Analogue tracers and lumped constant in capillary beds

Abstract

The lumped constant is a proportionality factor for converting a tracer analogue's metabolic rate to that of its mother substance. In a uniform system, it is expressed as the ratio of the tracer analogue's extraction fraction ( E ⁎) to the extraction fraction of its mother substance ( E). Here we show that, in capillary beds perfused by unidirectional blood flow, unequal concentration gradients of the tracer analogue and of the mother substance influence extraction fractions both locally and across the organ and that the direct proportionality of E ⁎ and E must be replaced by ln(1− E ⁎)/ln(1− E) to yield Λ, i.e. the lumped constant derived from first principles of bi-substrate enzyme and membrane kinetics.
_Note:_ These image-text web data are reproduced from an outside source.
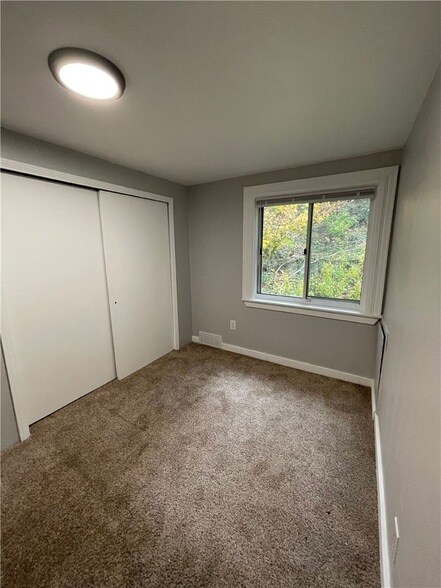 Building Photo - 2404 S 18th St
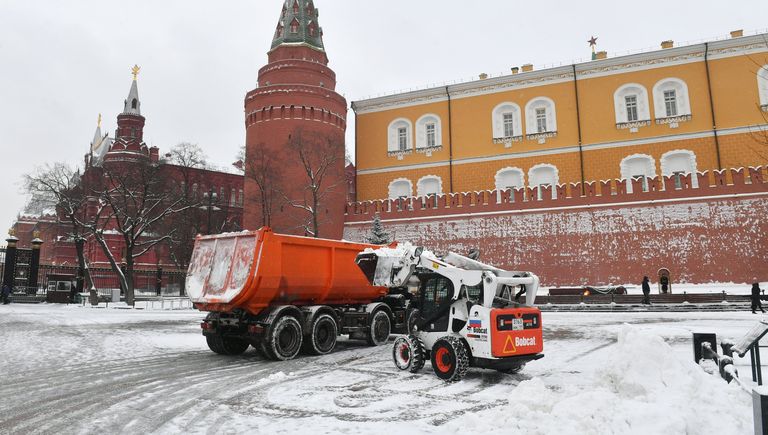 Снегоуборочная техника коммунальных служб Москвы во время ликвидации последствий сильного снегопада на Манежной площади возле Могилы Неизвестного Солдата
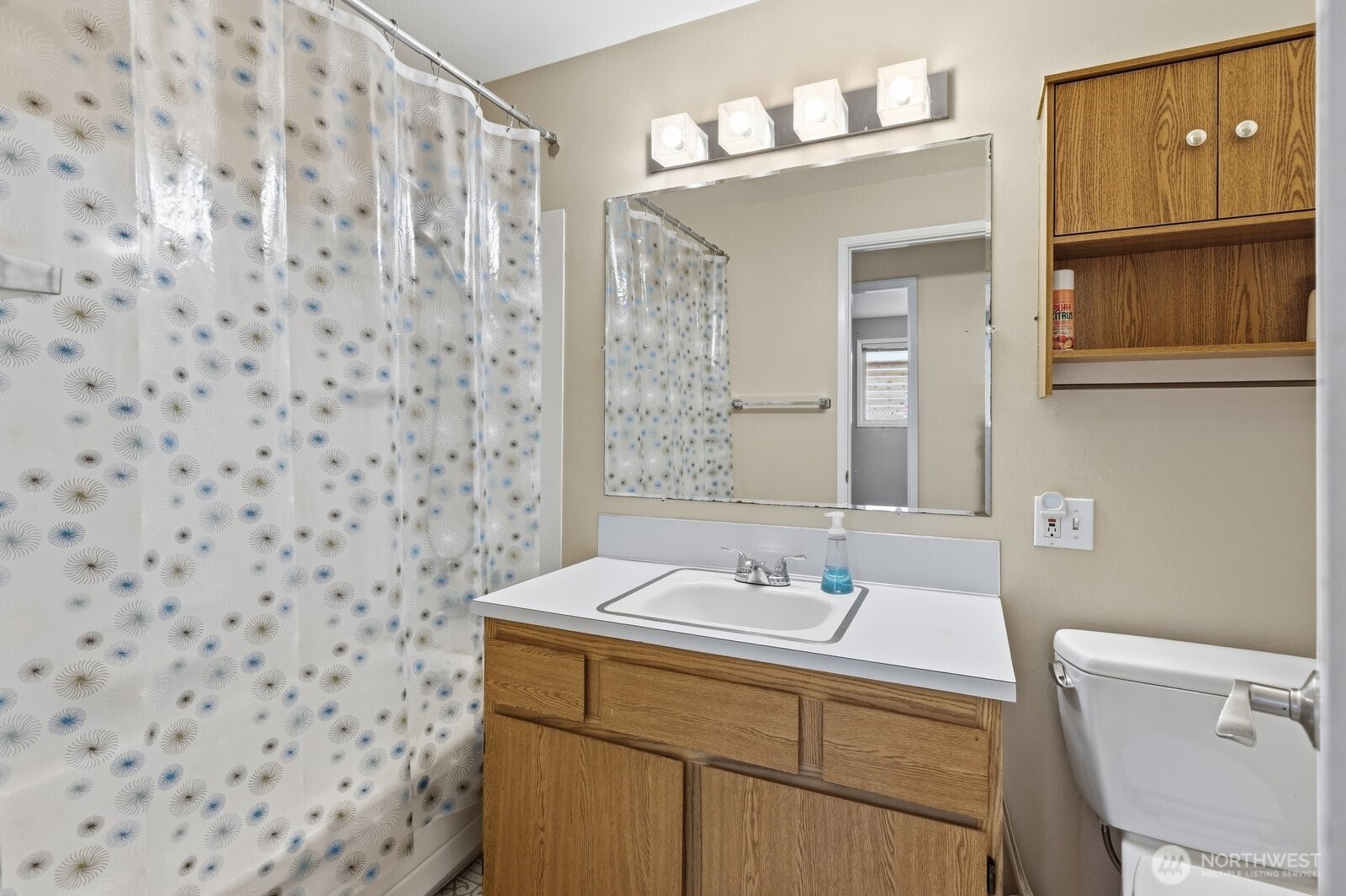 15634 Ne 1st Place Property Photo 13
In other words, at a given capillary blood flow ( F), the ratio of systemic clearances (F E ⁎/FE), often used in compartmental kinetic analysis, must be replaced by the ratio of the intrinsic clearances, [− F ln(1− E ⁎)]/[− F ln(1− E)]. The conclusion is supported by 2-[ 18F]fluoro-2-deoxy- d-galactose removal kinetics in pig liver in vivo from previous publications by the dependence of E ⁎/ E and the independence of Λ, on blood galactose concentration. Moreover, our corrections to the results of compartmental kinetics are quantified for comparing extraction fractions in different regions of interest (e.g. by positron emission tomography) and for calculating Λ using whole-organ E ⁎ and E measured by arteriovenous concentration differences.